Core Blog

Understanding data protection in a zero trust world

Written by Core Newsroom | Jul 7, 2020 9:30:00 AM

As much of the workforce continues to work from home or remotely, Core has renewed our focus on security with a series of security-themed webinars designed to empower organisations to stay secure in the changing working landscape.

In our latest webinar, led by our Client Solutions Director, Eamon McGann, we explored how to understand data protection in a zero trust world. At its core is the question: how do we understand the data that we have, and once we've understood it, how do we manage and protect that data?

What is zero trust?

At it's simplest, zero trust is a security architecture model which is based around a "trust no one" approach". Nobody should be trusted until they are fully verified to access the resources, from inside and outside the network.

The events of 2020 mean that the traditional security perimeter has shifted. There are now lots more moving parts compared to before the Covid-19 pandemic, when the security perimeter was more defined and static. As the "front door" of an organisation, it is as important as ever that the perimeter is secure; but we need to know that it has moved in the wake of home working. We now have home and office security perimeters to consider. The zero trust approach covers all of these component parts.
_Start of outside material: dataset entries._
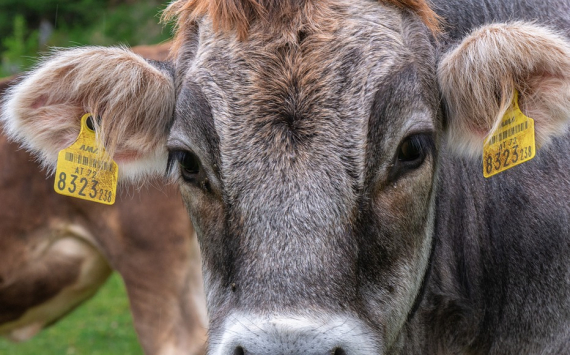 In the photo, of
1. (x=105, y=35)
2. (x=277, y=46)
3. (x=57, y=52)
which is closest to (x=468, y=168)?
(x=277, y=46)

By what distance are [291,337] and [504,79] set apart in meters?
1.48

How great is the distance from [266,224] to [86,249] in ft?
14.1

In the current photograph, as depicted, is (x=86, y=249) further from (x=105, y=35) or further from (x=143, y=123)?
(x=105, y=35)

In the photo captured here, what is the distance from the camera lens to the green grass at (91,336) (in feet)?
31.1

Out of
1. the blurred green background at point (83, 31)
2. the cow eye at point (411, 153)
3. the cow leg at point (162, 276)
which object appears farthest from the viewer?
the blurred green background at point (83, 31)

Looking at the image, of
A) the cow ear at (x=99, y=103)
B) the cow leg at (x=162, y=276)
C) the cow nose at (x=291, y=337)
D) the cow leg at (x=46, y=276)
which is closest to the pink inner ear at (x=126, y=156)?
the cow ear at (x=99, y=103)

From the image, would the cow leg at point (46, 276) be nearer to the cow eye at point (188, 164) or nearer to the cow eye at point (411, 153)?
the cow eye at point (188, 164)

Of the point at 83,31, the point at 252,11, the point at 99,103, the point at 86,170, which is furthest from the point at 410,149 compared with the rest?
the point at 83,31

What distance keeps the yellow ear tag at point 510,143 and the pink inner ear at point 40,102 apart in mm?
2021

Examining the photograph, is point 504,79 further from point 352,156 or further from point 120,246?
point 120,246

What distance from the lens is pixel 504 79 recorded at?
347cm

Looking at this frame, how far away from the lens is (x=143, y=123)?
153 inches

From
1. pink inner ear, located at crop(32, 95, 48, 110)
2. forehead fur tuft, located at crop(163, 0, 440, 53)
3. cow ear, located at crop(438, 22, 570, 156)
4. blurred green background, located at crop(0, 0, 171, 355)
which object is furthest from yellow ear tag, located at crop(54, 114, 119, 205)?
blurred green background, located at crop(0, 0, 171, 355)

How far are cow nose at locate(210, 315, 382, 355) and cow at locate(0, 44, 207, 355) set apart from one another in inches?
147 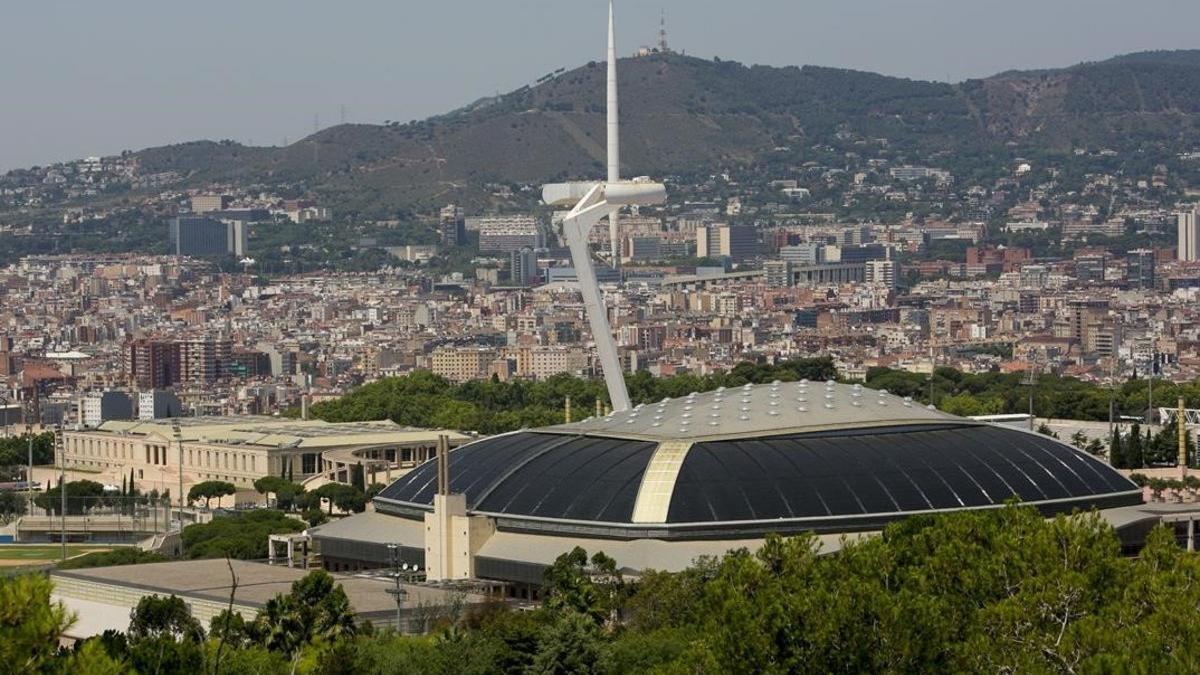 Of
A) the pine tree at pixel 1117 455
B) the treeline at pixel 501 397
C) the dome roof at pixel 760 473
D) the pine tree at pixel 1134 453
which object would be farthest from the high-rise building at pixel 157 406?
the dome roof at pixel 760 473

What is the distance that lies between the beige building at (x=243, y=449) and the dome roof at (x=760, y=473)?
29667 millimetres

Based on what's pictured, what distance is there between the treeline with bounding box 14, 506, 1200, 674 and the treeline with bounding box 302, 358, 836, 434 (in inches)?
2683

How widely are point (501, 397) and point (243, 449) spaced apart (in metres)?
32.4

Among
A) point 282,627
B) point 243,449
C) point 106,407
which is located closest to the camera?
point 282,627

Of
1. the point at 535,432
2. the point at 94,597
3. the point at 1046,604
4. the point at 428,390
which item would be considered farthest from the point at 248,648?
the point at 428,390

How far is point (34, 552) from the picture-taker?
76.8 m

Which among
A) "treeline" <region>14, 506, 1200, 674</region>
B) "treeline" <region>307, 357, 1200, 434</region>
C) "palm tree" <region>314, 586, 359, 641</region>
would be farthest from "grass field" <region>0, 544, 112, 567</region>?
"treeline" <region>307, 357, 1200, 434</region>

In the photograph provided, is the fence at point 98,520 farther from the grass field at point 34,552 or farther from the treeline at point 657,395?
the treeline at point 657,395

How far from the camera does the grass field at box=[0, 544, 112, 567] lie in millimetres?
73131

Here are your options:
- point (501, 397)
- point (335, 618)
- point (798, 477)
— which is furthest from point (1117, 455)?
point (501, 397)

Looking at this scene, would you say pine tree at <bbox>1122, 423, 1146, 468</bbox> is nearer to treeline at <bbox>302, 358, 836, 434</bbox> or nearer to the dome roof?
the dome roof

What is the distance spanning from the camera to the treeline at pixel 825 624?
3459cm

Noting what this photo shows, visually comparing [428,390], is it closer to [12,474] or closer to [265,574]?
[12,474]

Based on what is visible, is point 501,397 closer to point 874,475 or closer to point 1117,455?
point 1117,455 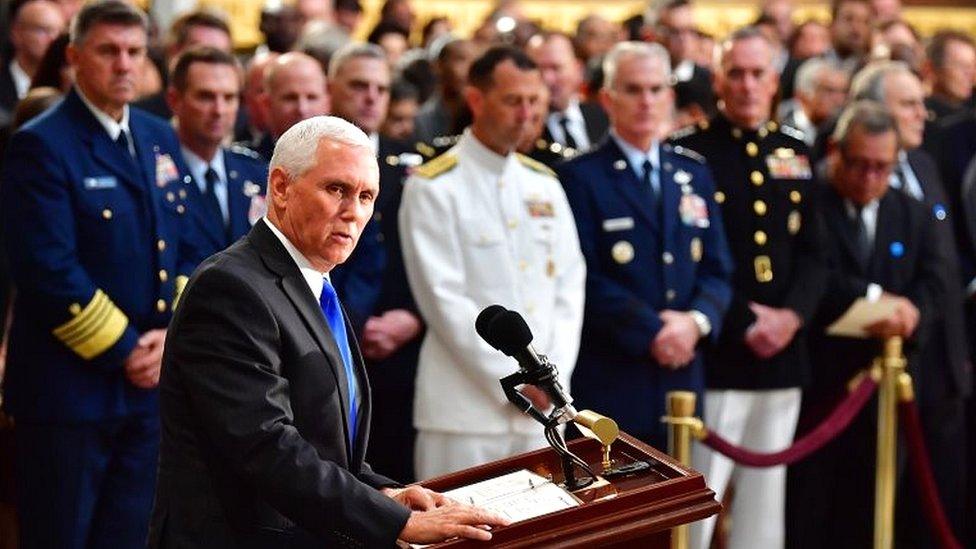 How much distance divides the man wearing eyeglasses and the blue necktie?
2577mm

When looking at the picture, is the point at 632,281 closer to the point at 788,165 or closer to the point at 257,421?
the point at 788,165

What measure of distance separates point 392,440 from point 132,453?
0.83 m

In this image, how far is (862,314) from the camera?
4398 mm

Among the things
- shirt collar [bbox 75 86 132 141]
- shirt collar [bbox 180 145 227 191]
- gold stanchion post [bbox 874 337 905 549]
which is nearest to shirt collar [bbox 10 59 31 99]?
shirt collar [bbox 180 145 227 191]

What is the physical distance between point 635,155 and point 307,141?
2149 mm

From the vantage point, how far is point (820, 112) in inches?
254

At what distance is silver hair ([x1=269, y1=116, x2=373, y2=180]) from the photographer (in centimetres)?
206

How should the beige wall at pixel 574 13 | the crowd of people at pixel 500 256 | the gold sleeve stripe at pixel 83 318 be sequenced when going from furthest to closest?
the beige wall at pixel 574 13 → the crowd of people at pixel 500 256 → the gold sleeve stripe at pixel 83 318

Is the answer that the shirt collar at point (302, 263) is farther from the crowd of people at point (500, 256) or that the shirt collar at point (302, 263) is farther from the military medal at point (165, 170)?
the military medal at point (165, 170)

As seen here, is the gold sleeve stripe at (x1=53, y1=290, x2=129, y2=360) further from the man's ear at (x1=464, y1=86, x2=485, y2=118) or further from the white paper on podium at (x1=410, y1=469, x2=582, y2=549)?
the white paper on podium at (x1=410, y1=469, x2=582, y2=549)

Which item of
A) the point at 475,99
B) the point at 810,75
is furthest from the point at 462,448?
the point at 810,75

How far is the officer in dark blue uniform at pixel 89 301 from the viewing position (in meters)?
3.34

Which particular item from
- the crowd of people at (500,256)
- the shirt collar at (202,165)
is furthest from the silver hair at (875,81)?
the shirt collar at (202,165)

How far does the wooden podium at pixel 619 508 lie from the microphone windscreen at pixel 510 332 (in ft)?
0.72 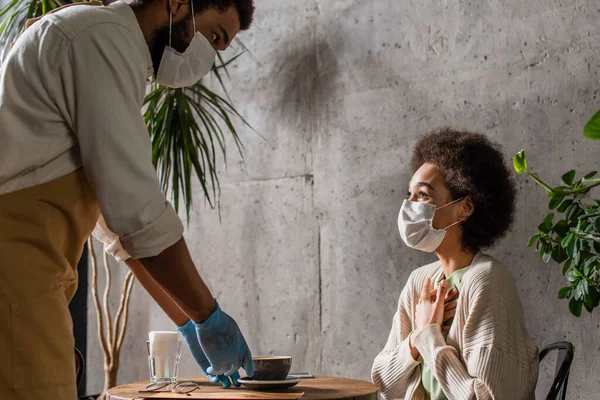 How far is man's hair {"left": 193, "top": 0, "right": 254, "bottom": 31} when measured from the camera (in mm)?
1570

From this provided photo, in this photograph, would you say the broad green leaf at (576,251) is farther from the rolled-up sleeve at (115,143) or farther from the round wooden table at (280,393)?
the rolled-up sleeve at (115,143)

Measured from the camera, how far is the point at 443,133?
2.56 m

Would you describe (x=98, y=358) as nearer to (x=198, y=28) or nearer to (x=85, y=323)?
(x=85, y=323)

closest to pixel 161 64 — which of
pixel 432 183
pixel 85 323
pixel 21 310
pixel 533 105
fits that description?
pixel 21 310

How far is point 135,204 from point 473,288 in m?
1.29

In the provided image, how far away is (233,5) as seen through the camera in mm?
1627

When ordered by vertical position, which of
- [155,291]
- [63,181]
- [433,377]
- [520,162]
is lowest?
[433,377]

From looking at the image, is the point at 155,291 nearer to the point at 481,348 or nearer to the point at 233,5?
the point at 233,5

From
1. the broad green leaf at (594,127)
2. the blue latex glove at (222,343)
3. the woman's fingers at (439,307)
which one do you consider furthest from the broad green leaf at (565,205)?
the blue latex glove at (222,343)

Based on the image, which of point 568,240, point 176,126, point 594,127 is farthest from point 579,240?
point 176,126

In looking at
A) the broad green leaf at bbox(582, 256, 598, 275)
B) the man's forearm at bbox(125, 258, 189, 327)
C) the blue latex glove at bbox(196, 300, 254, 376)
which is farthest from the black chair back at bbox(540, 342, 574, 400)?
the man's forearm at bbox(125, 258, 189, 327)

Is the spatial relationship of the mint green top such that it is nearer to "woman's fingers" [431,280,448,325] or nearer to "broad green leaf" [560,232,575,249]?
"woman's fingers" [431,280,448,325]

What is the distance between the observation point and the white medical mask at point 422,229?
2.42m

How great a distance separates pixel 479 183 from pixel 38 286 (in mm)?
1567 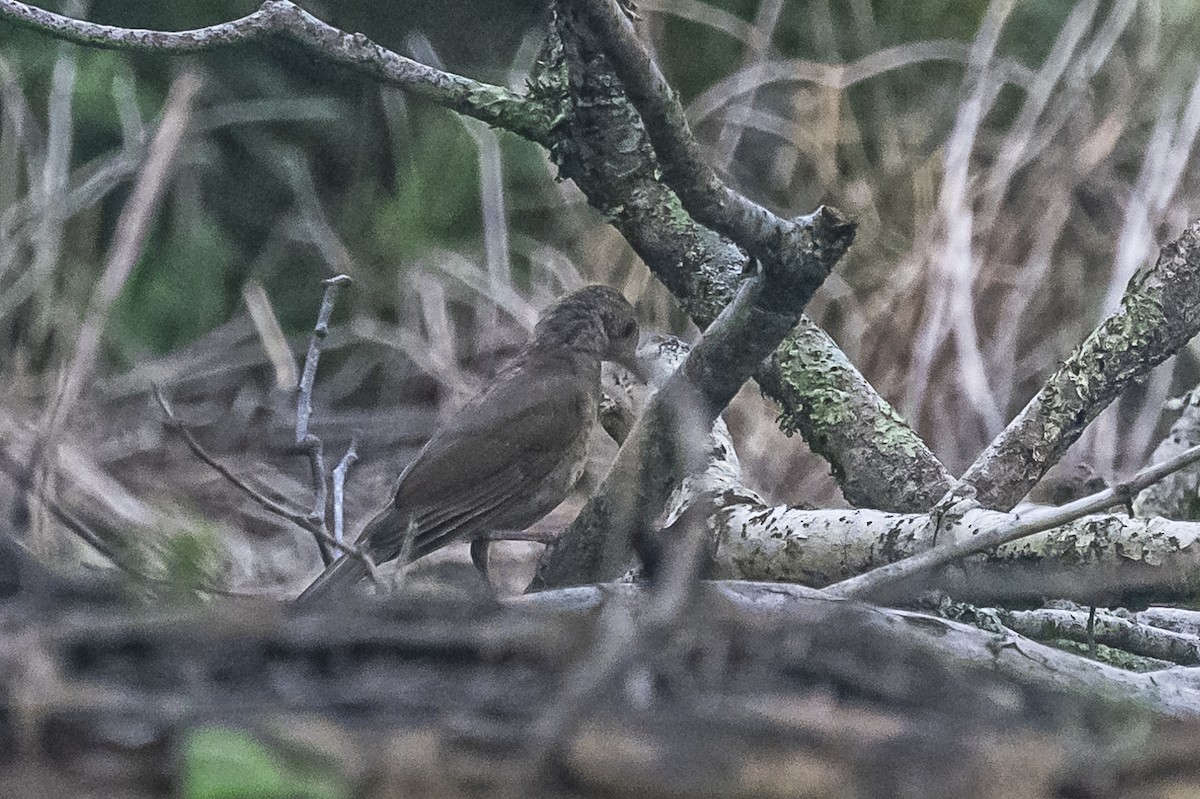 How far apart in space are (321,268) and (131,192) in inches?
18.4

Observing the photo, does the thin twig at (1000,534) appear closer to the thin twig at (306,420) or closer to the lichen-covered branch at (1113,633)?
the lichen-covered branch at (1113,633)

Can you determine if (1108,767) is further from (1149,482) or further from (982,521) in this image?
(982,521)

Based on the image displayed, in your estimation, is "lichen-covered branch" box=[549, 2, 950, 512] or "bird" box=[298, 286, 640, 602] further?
"bird" box=[298, 286, 640, 602]

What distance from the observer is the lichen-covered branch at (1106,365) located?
5.93ft

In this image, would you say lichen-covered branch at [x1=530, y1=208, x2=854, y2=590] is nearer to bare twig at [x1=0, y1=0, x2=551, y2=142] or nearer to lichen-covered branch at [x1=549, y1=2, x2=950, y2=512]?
lichen-covered branch at [x1=549, y1=2, x2=950, y2=512]

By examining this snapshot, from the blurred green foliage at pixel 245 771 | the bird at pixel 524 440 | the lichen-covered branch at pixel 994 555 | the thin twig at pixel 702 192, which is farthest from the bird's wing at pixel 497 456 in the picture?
the blurred green foliage at pixel 245 771

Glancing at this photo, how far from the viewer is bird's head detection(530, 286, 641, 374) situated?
2.25 m

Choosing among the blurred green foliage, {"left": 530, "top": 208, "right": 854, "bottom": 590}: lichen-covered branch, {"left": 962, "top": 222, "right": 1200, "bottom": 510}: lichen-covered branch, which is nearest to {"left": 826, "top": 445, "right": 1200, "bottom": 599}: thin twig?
{"left": 530, "top": 208, "right": 854, "bottom": 590}: lichen-covered branch

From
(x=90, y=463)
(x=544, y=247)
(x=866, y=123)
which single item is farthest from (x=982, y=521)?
(x=866, y=123)

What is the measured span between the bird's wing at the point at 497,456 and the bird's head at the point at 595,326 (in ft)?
0.19

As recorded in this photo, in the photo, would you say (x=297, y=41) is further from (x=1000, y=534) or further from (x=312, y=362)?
(x=1000, y=534)

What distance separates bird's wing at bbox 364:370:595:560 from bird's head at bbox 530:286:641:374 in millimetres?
59

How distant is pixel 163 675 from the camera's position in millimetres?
637

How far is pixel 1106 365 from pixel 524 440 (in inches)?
35.3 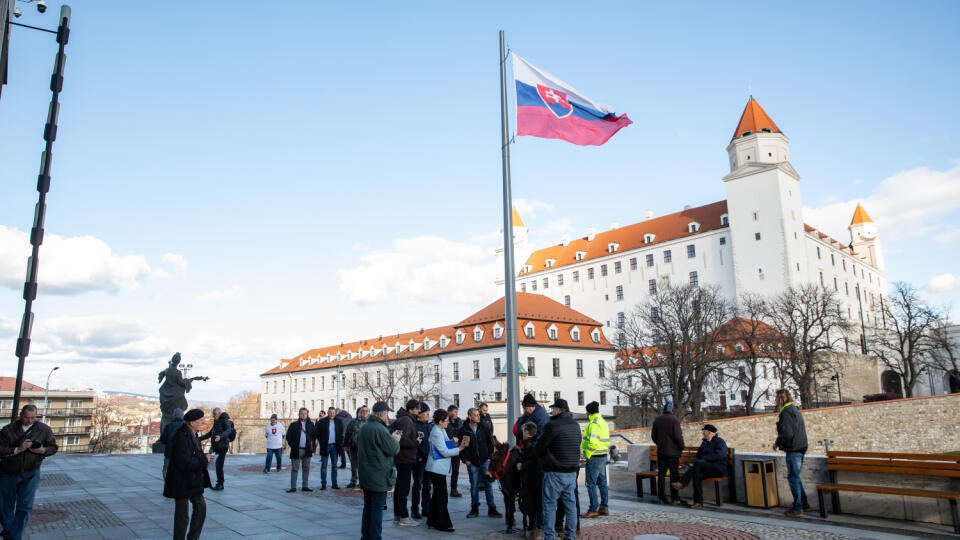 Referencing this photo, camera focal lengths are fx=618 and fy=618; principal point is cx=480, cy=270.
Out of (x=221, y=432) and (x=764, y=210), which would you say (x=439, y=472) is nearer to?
(x=221, y=432)

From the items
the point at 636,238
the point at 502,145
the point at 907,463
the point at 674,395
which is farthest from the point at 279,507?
the point at 636,238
Devices, people, apps and data

The next point to consider, is devices. How do we secure and manage devices and check what is happening at the end point? What is its status? Does it match corporate policies before we allow it on the network? These are key considerations for both on-premise and cloud resources.

People are also an important point to think about in the zero trust world. An organisation's people are their biggest asset, but also their biggest risk. People use passwords, and passwords leave organisations particularly vulnerable to security hacks and breaches. Studies have shown that 64% of users write down passwords, and 56% of people use the same password on all internal systems. Some eve use their work passwords on social media networks and public websites. So, this is a huge risk for hacking. Security measures like Single Sign On and Multifactor Authentication can help mitigate these risks.

In a zero trust world, applications need to managed effectively; especially when users are working on their own device. Conditional Access can be used to manage some of the content, and criteria can be set to only let users manage corporate content from an app and location that is approved.

Trust in the IT ecosystem

There are multiple levels of trust throughout the IT ecosystem, and the gold in the middle is an organisation's data. This is what hackers want to get to - and they will try all kinds of attacks to reach that data. As long as a policy and procedures are in place to manage and protect that data, the elements described above can be breached, but data will still be protected.